Vous savez aussi que la Suède, peut-être, j'en parlerai tout à l'heure, c'est le pays du Parti Pirate. C'est aussi pays où est né le plus grand site de partage de fichiers qui s'appelle The Pirate Bay, le Pirate Bay. Et en fait ces gens ont fait ça parce que, en ayant la protection du statut de religion officielle, ils espèrent pouvoir copier sans être empêchés par les entraves légales que peuvent être le droit d'auteur, etc. Un peu comme les rastafari, à une époque, avaient élevé la consommation de cannabis au rang de pratique légale pour pouvoir le faire sans être empêchés par une forme de prohibition. Vous voyez, quand même, que c'est assez représentatif, je trouve, d'une situation un peu embrouillée autour de la notion de copie. Comme je vous disais la Suède c'est aussi le pays de The Pirate Bay qui est le plus grand site d'échange de fichiers Torrent au monde. Donc là on est sur du partage de fichiers qui sont en général des œuvres protégées par le droit d'auteur, et ce site suscite des réactions assez virulentes de la part de ce qu'on appelle les industries culturelles qui l'ont attaqué dans plusieurs endroits dans le monde, en Suède, en Finlande, aux Pays-Bas, en Belgique et qui ont obtenu son blocage. Les trois fondateurs du site, voyez en photo, ont été condamnés par la justice suédoise et on a appris, juste hier en fait, que la Cour européenne des droits de l’homme avait rejeté leur dernier recours et donc ils sont passibles de peines de prison et d'amendes assez importantes. L'un d'entre eux a aussi de gros ennuis judiciaires en Thaïlande. Voilà. On est dans une situation où ces personnes, pour avoir mis en place ce site, ont des soucis très importants.
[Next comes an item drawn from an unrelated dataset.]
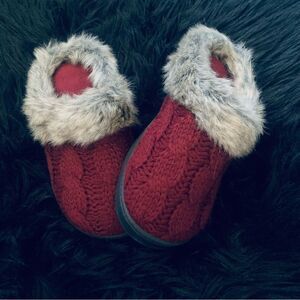 ULTRAIDEAS Maroon Cable Knit With Faux Fur Slippers Size 5/6 Small
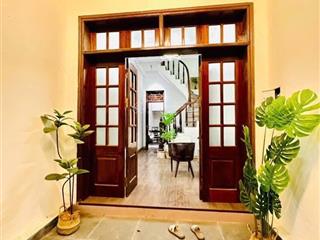Nhà riêng phố khương trung ô tô đỗ cửa, 10m ra phố, nói không với quy hoạch, full nội thất, 50m2*3t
Mais la Suède c'est aussi donc, comme je vous l'ai dit , le pays du Parti Pirate qui est un parti politique, qui a envoyé de représentants au Parlement européen. Il y a deux représentants suédois qui ont été élus comme députés européens et qui siègent au Parlement européen, qui prônent des réformes très importantes du droit d'auteur ainsi que des réformes du fonctionnement de la démocratie elle-même. C'est là où c'est paradoxal, la Suède est aussi le pays où est né un site de streaming légal, là cette fois-ci, qui s'appelle Spotify et c'est le pays, la Suède, où ce service se porte le mieux, avec des croissances de l'ordre de 50 % cette année par exemple.

Si vous ajoutez tout ça vous avez donc un pays qui a une église reconnue officiellement autour de la copie, qui, d'un autre côté a le site qui est le plus dans le collimateur des tribunaux, qui est le siège du Parti Pirate, mais qui le pays où l'offre légale de musique en streaming se porte le mieux. Je trouve que c'est un très bon résumé du paradoxe de la situation actuelle autour de la copie et des contradictions que ça peut soulever. Évidemment je dirais que c'est un peu paroxystique en Suède mais dans tous les pays du monde on retrouve ces contractions autour de l'acte de copier.

08' 17

Au cœur de la question on a le droit d'auteur.